◆ Study material ◆
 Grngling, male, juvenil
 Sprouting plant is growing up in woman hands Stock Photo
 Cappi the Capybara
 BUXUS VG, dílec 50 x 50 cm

---

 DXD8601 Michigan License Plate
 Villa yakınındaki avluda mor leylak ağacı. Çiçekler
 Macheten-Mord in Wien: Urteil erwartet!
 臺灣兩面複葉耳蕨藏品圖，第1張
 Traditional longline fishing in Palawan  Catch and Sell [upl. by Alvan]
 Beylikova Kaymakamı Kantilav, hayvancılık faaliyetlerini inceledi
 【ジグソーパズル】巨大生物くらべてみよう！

◆ Task item ◆
Set down, exactly as they stand above, the lines starting with the line with "Grngling, male, juvenil" and going on through the line with "BUXUS VG, dílec 50 x 50 cm", and no others.

◆ Task solution ◆
 Grngling, male, juvenil
 Sprouting plant is growing up in woman hands Stock Photo
 Cappi the Capybara
 BUXUS VG, dílec 50 x 50 cm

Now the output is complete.